Nvidia's new tech reduces VRAM usage by up to 96% in beta demo — RTX Neural Texture Compression looks impressive

Compusemble First Look At RTX Neural Texture Compression (BETA)

(Image credit: Compusemble - YouTube)

Nvidia's RTX Neural Texture Compression (NTC) has finally been benchmarked, demonstrating the technology's capabilities in an actual 3D workload. Compusemble benchmarked Nvidia's new memory compression tech on an RTX 4090 at 1440p and 4K resolution, revealing a whopping 96% reduction in memory texture size with NTC compared to conventional texture compression techniques. You can see the results in the video below.

First Look At RTX Neural Texture Compression (BETA) On RTX 4090 - YouTube

Watch On

Compusemble tested NTC in two modes: "NTC transcoded to BCn" and "Inference on Sample." The former transcodes textures to BCn on load, while the latter only decompresses the individual texels needed to render a specific view, further reducing texture memory size.

At 1440p with DLSS upscaling enabled, the "NTC transcoded to BCn" mode reduced the test application's texture memory footprint by 64%, from 272MB to 98MB. However, the "NTC inference on sample" mode decreased the texture size significantly to just 11.37MB. This represents a 95.8% reduction in memory utilization compared to non-neural compression, and an 88% reduction compared to the previous neural compression mode.

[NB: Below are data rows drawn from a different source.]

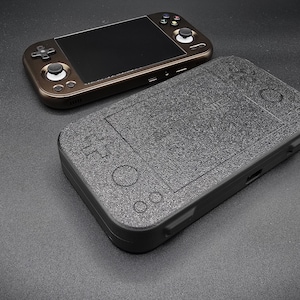 May include: Two handheld gaming consoles on a dark surface. One is brown with a black screen and buttons. The other is black with a textured surface and controller button outlines. The consoles are designed for portable gaming.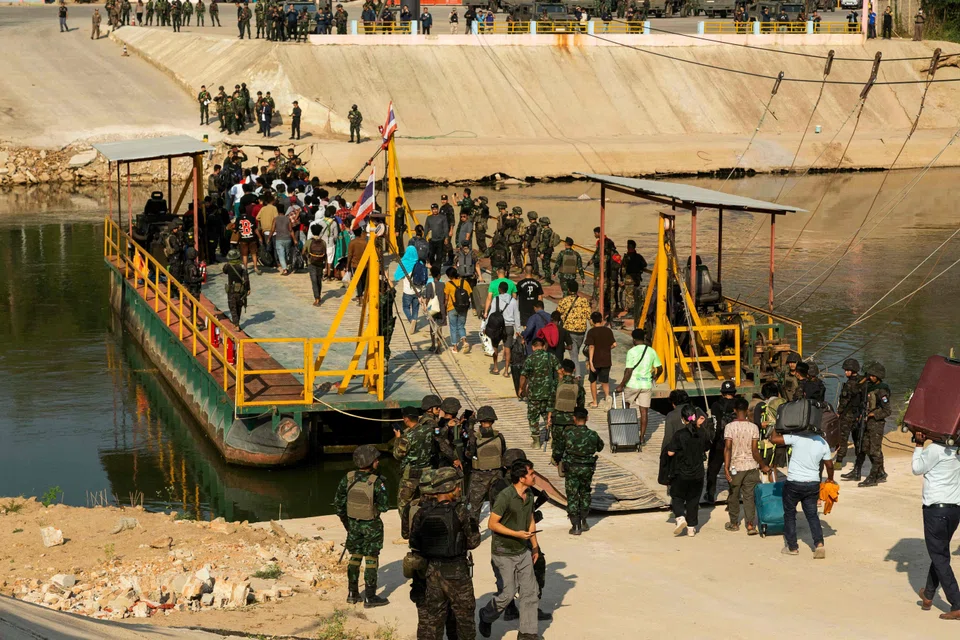 Alleged scam victims cross the river on the Myanmar-Thai border to be repatriated, but despite raids, Myanmar’s fraud factories accused of swindling billions from Chinese and US victims remain thriving.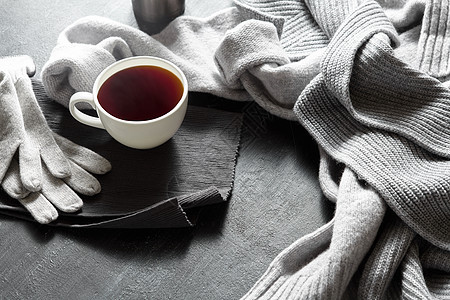 杯热咖啡张黑色桌子上,照片温暖的毛衣与杯子,冬天的早晨,顶部视图黑桌子上的杯热咖啡图片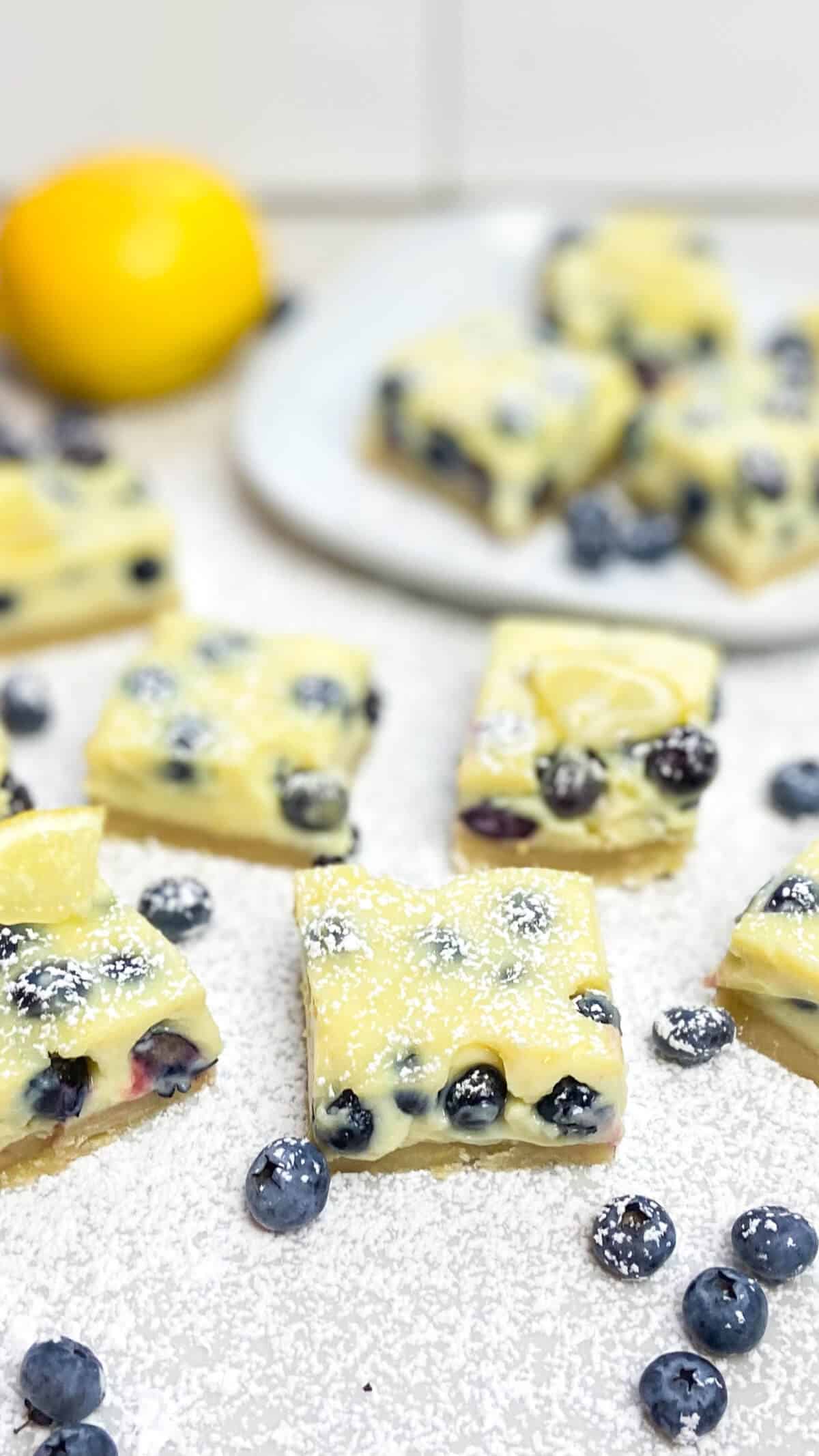 Bars cut into squares and sprinkled with confectioners sugar on top.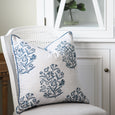 Bellamy Garden Cushion Coastal Blue 50cm styled on a white rattan chair, showing its blue botanical print and coordinating piped edge.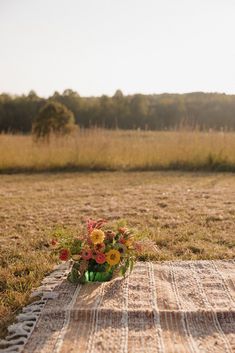 a vase filled with flowers sitting on top of a rug in the middle of a field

Compusemble's benchmarks revealed that performance takes a minor hit when RTX Neural Texture Compression is enabled. However, the benchmarker ran this beta software on the prior-gen RTX 4090, not the current-gen RTX 5090, so it is possible that these performance reductions could shrink with the newer architecture.

"NTC transcoded to BCn" mode showed a negligible reduction in average FPS compared to NTC off, though 1% FPS lows were noticeably better than regular texture compression with NTC disabled. "NTC inference on sample" mode took the biggest hit, going from the mid-1,600 FPS range to the mid-1,500 FPS range. 1% lows significantly dropped into the 840 FPS range.

Memory capacity reduction is the same at 1440p with TAA anti-aliasing instead of DLSS upscaling, but the GPU's performance behavior differs. All three modes ran significantly faster than DLSS, operating at almost 2000 FPS. 1% lows in the "NTC inference on sample" mode ran in the mid 1,300 FPS range, a big leap from 840 FPS.

Unsurprisingly, upping the resolution to 4K drops performance significantly. DLSS upscaling enabled shows an average FPS in the 1,100 FPS range in the "NTC transcoded to BCn" mode and just under 1,000 FPS average in the "NTC inference on sample" mode. 1% lows for both modes were in the 500 FPS range. Disabling DLSS in favor of native resolution with TAA anti-aliasing shows an average FPS boost into the 1,700 FPS range with the "NTC transcoded to BCn" mode and an average FPS in the 1,500 range with the "NTC inference on sample" mode. 1% lows for the former NTC mode were just under 1,100 FPS, while the latter mode's 1% lows were just under 800 FPS.

Finally, Compusemble tested cooperative vectors with the "NTC inference on sample" mode at 4K resolution with TAA. Cooperative vectors enabled resulted in an average frame rate in the 1,500 range, disabled average FPS plummets to just under 650 FPS. 1% lows similarly were just under 750 FPS, with cooperative vectors turned on; disabled 1% lows were just above 400 FPS, respectively.

Takeaways

Compusemble's RTX NTC benchmarks reveal that Nvidia's neural compression technology can reduce a colossal amount of a 3D application's memory texture footprint but at the cost of performance, especially in the "inference on sample" mode.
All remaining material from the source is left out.